Before I became a teacher and writer, I directed a backpacking camp in northern Maine. My first “published work” was the Windy Mountain News, a newspaper I wrote for my teenage campers to illuminate life on the farm during the less-benign seasons. It was a wild place, even in summer, without plumbing or electricity, where coyotes howled at night and bears grazed the clover fields near my cabin.
I’d grown up in Massachusetts, and eventually returned there to teach. A few decades later, I was drawn back to Maine, not far from the mountains I used to hike, and now spend summers in a log cabin on a lake near Moosehead. From the porch where I write, I can see a stretch of the Hundred-Mile Wilderness, a span of the Appalachian Mountain Trail that runs from Monson to the summit of Mount Katahdin. It’s a perfect place to write historical fiction: while my projects are set in the Thousand Islands, it’s not difficult to imagine a much simpler world.
There was nothing simple, however, about the time periods about which I’ve chosen to write. Grindstone begins during the final months of the Civil War, when the Thousand Islands were flooded with immigrants from Ireland, escaping their own barren country in the aftermath of the Famine. With historical fiction, a significant challenge is writing about hard things without trivializing them. Characters must become real to the writer; they cannot merely represent different geopolitical elements, but must become the men and women who fought in the wars, who laid the foundation for all that came later. How does a writer forge a connection with the past? Music, of course, is a natural conduit. Listen to “Paddy’s Lamentation,” a traditional Irish song about an immigrant recruited to fight for the Union Army.
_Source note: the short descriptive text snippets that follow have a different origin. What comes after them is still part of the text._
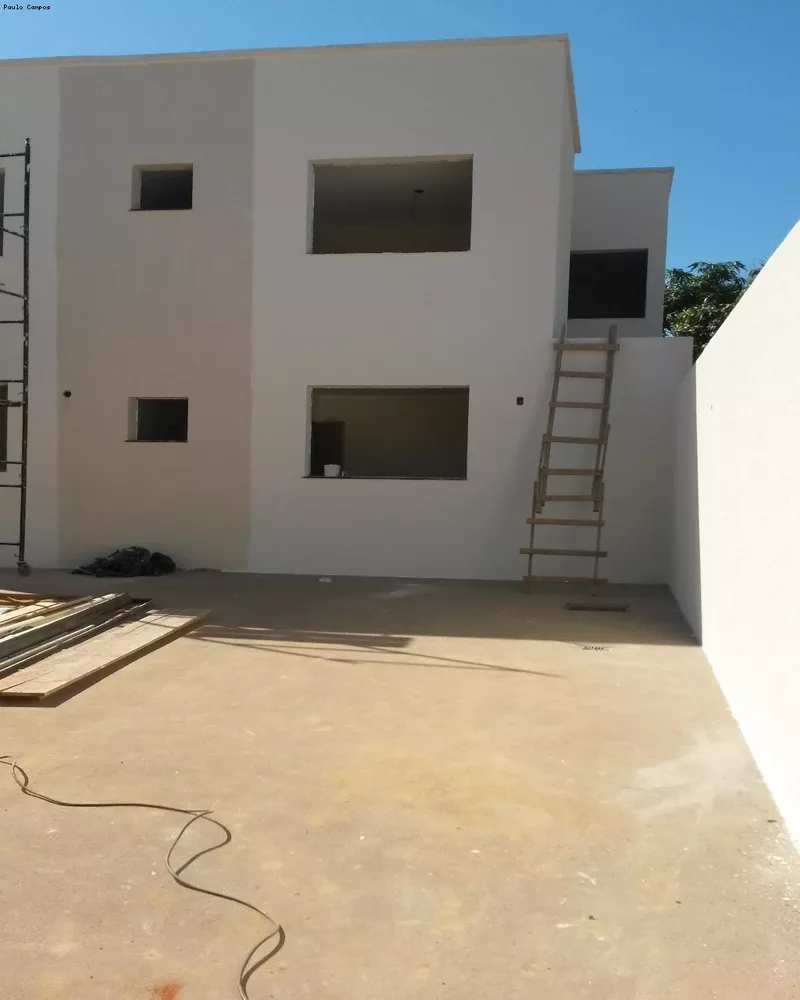 Apartamento à venda com 2 quartos, 60m² - Foto 2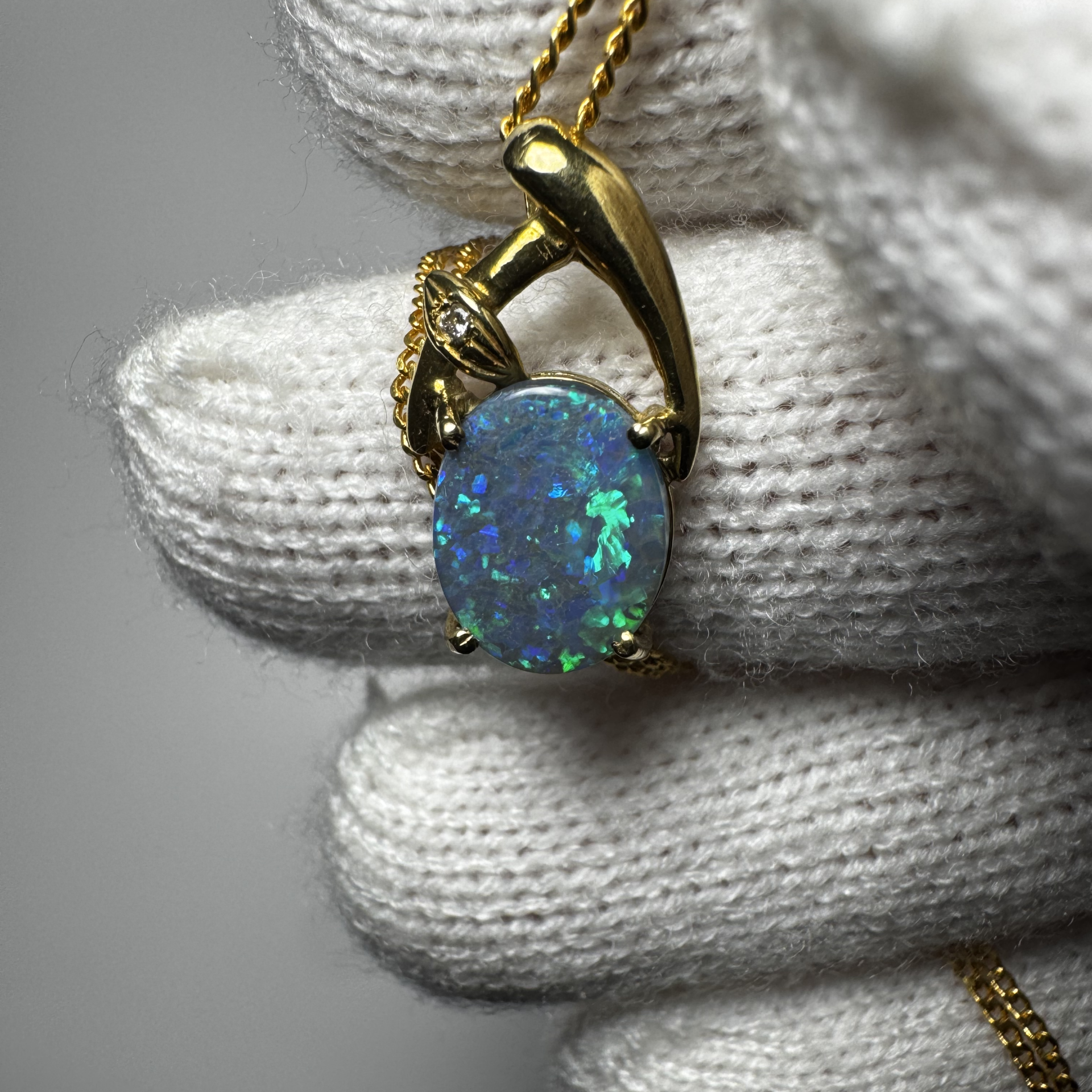 2.00 ct Solid Black Opal set in 18k Gold Pendant, Genuine Trilliant Diamond
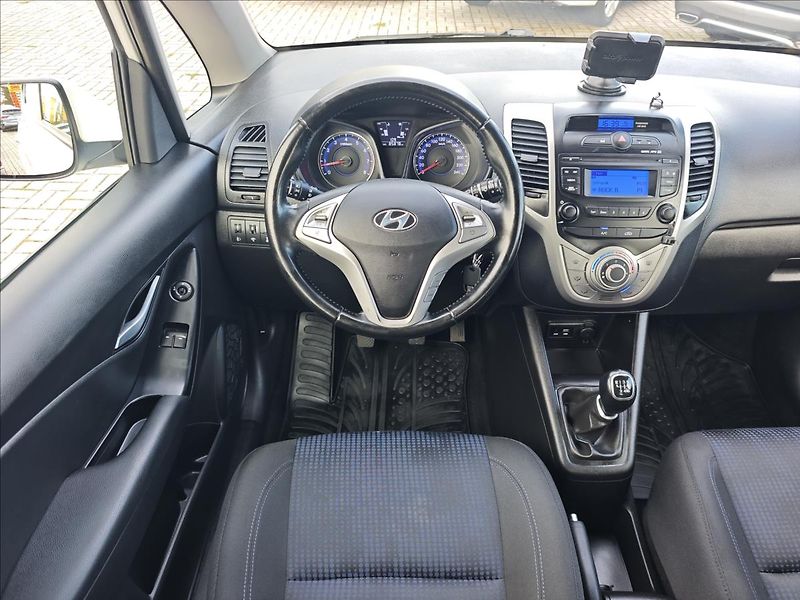 Hyundai ix20 1,6 i CVVT  Trikolor Essential - fotka 16 z 21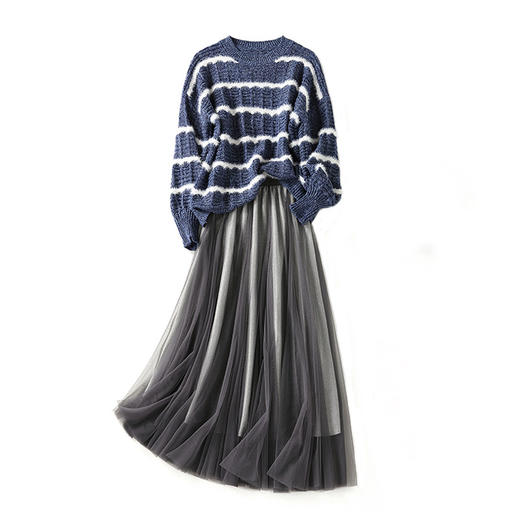 LSSZ-LS0101802新款潮流时尚加厚条纹针织衫网纱亮丝半身裙两件套TZF 商品图4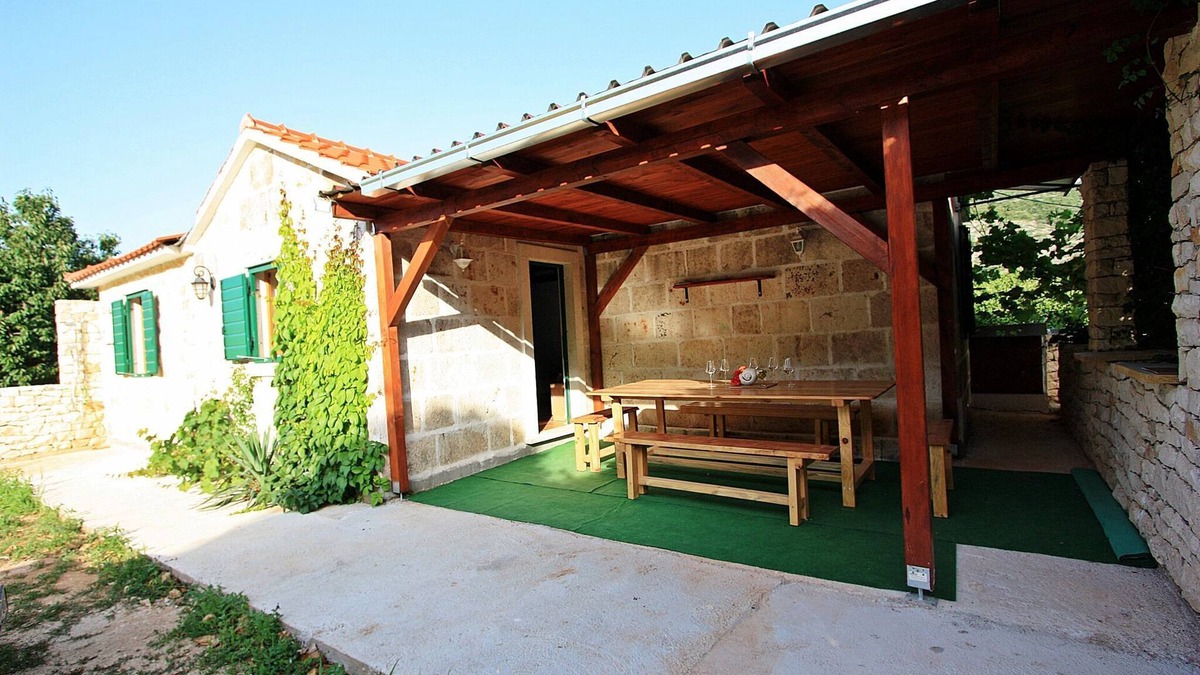 Dol House | Holiday Home Harmony - Holiday Home with Terrace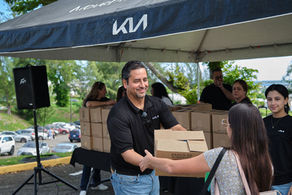 Kia ayuda a la comunidad en tiempo de Navidad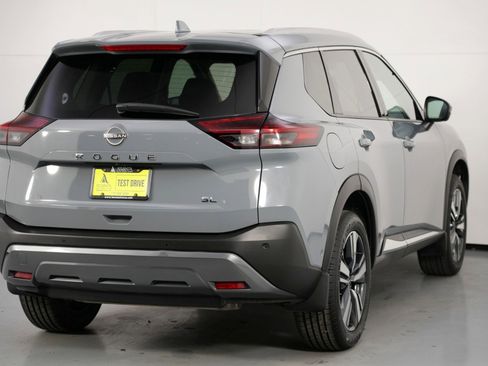 Used 2022 Nissan Rogue SL w/ SL Premium Package image 48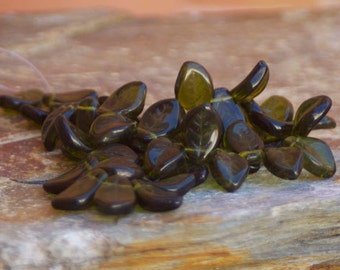 Czech Glass Leaf Beads - 14x9mm 15 Pieces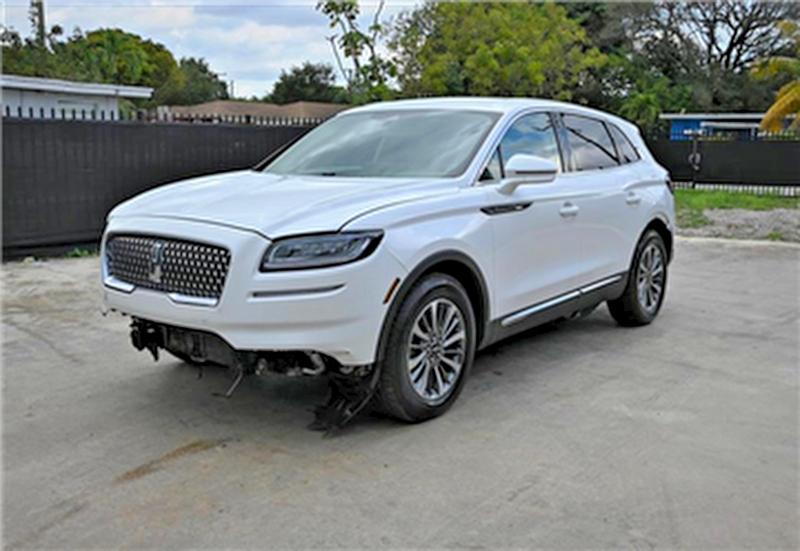 Photo 2 from auction – 2021 LINCOLN NAUTILUS with VIN 2LMPJ6J95MBL16543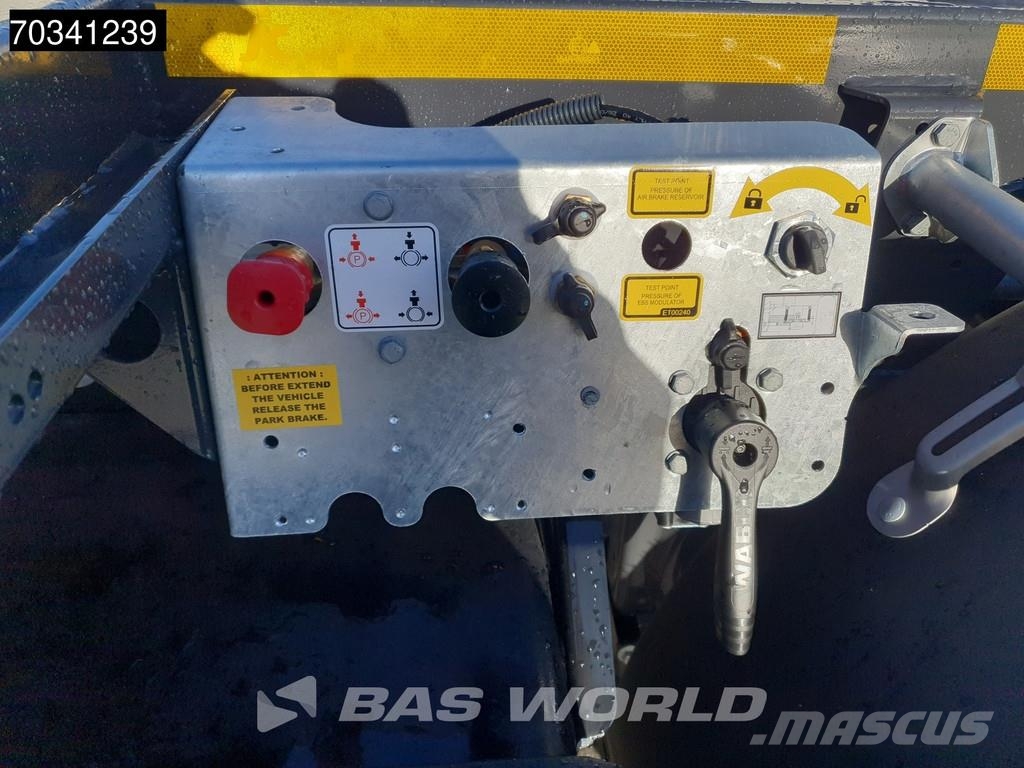 Kässbohrer XS 3 axles NEW Multi 45'ft Lift Axle SAF Containerauflieger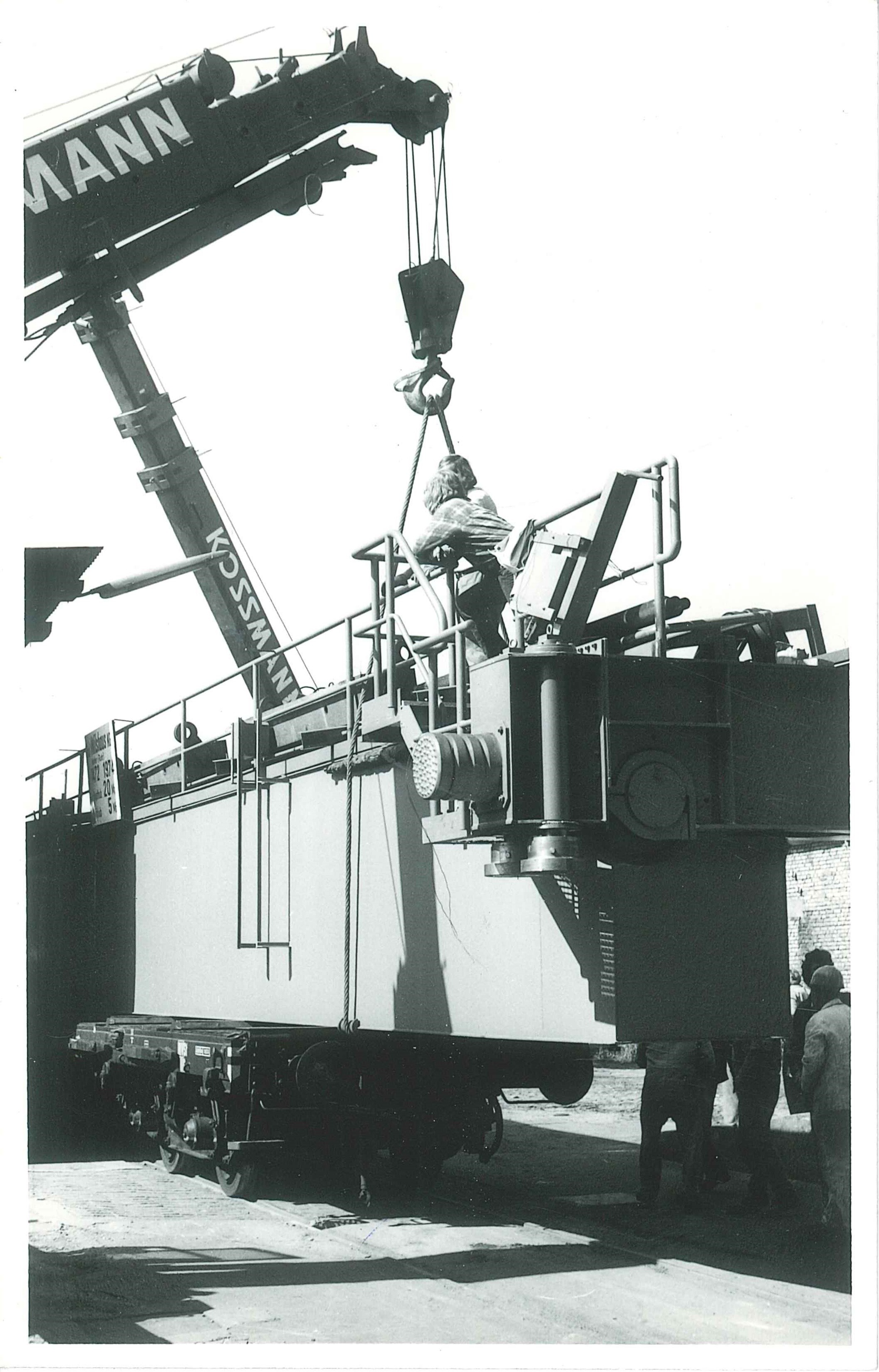 Entladen von Bauteilen in der Concordia-Hütte in Mülhofen, 1974 (REM CC BY-NC-SA)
We can hear, in a young singer’s voice, the heart of the matter, connecting us to an emotional truth of something that happened long ago.
It also takes a certain level of confidence to write historical fiction; one misstep can destroy the illusion of reality upon which novels rely. I am grateful that my husband, David, a historian, encouraged and guided me through treacherous waters! He also urged me to contact the iconic Thousand Islands photographer, Ian Coristine, for Grindstone’s cover. Ian and I soon began working together on his memoir, One in a Thousand, which grew into an astonishing collaborative experience with Juno-nominated Great Lake Swimmers and McClellan Group, who transformed our manuscript, Ian’s photos and videos, and GLS’s music into an award-winning iPad app ebook. Grindstone has now led to a sequel; how gratifying that readers connected with my characters to the extent that they want to know what happened to them!